Rivermaya is a Filipino alternative rock band. Formed in 1994, it is one of the several bands who spearheaded the 1990s Philippine alternative rock explosion.

Rivermaya is currently composed of original members Mark Escueta and Nathan Azarcon, together with longest serving guitarist Mike Elgar. Notable former original members include chief songwriter Rico Blanco and vocalist Bamboo Mañalac, who later formed the band Bamboo and later went on his solo career.

Rivermaya is one of the top thirty best-selling artists in Philippine history.

History

Earlier formation (1993)
The band's predecessor consisted of Jesse Gonzales on vocals, Kenneth Ilagan on guitars, Nathan Azarcon on bass guitar, Rome Velayo on drums, and Rico Blanco on keyboards and backing vocals whom Azarcon recommended to the management after hearing him play his portable piano rendition of Metallica's "Seek & Destroy" during the audition process.
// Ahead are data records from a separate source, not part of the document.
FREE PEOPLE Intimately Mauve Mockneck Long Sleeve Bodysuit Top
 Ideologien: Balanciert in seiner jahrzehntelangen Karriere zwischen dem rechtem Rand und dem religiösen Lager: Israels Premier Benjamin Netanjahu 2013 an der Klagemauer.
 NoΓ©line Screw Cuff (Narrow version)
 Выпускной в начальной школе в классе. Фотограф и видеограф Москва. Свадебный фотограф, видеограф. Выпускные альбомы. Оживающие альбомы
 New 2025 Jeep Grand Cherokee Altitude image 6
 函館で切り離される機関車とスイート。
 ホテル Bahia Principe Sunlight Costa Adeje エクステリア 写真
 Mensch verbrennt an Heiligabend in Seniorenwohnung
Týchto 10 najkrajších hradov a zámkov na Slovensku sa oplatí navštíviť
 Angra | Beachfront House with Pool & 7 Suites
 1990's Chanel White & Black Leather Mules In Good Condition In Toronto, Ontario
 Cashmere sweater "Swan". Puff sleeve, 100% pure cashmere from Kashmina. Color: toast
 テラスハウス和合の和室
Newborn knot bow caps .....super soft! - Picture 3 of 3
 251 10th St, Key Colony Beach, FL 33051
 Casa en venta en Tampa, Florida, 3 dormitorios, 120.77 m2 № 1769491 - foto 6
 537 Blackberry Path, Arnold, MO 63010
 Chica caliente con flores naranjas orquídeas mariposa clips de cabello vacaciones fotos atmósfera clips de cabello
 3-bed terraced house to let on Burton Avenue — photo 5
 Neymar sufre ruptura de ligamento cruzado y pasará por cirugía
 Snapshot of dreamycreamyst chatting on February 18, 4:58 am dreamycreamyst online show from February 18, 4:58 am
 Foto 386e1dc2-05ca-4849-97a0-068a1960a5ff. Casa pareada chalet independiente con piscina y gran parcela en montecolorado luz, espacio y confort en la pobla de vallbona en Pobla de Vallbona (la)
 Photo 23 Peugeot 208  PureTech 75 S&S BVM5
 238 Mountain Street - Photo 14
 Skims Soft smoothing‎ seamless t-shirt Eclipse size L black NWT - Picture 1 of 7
They were managed by Lizza Nakpil and director Chito S. Roño who had the intention of molding the group into a rock show band. The group was then called Xaga.<ref

Classic lineup and mainstream success (1994–2001)
In the process of grueling practice sessions, Azarcon's schoolmate Francisco "Bamboo" Mañalac replaced Gonzales who was asked to leave the band; Azarcon's childhood friend Mark Escueta replaced Velayo who left due to undisclosed reasons, and Ilagan, who later left the band due to personal reasons, was replaced with Perfecto "Perf" de Castro who owned the rehearsal studio where the band used to jam. With Bamboo as frontman, the band members disbanded Xaga and formed the band Rivermaya, a name initially suggested by de Castro. They started putting together original songs like "Ulan" [Rain], "214", and "Awit ng Kabataan" [Song of the Youth] (mostly composed by Rico Blanco) in demo form for prospective recording companies.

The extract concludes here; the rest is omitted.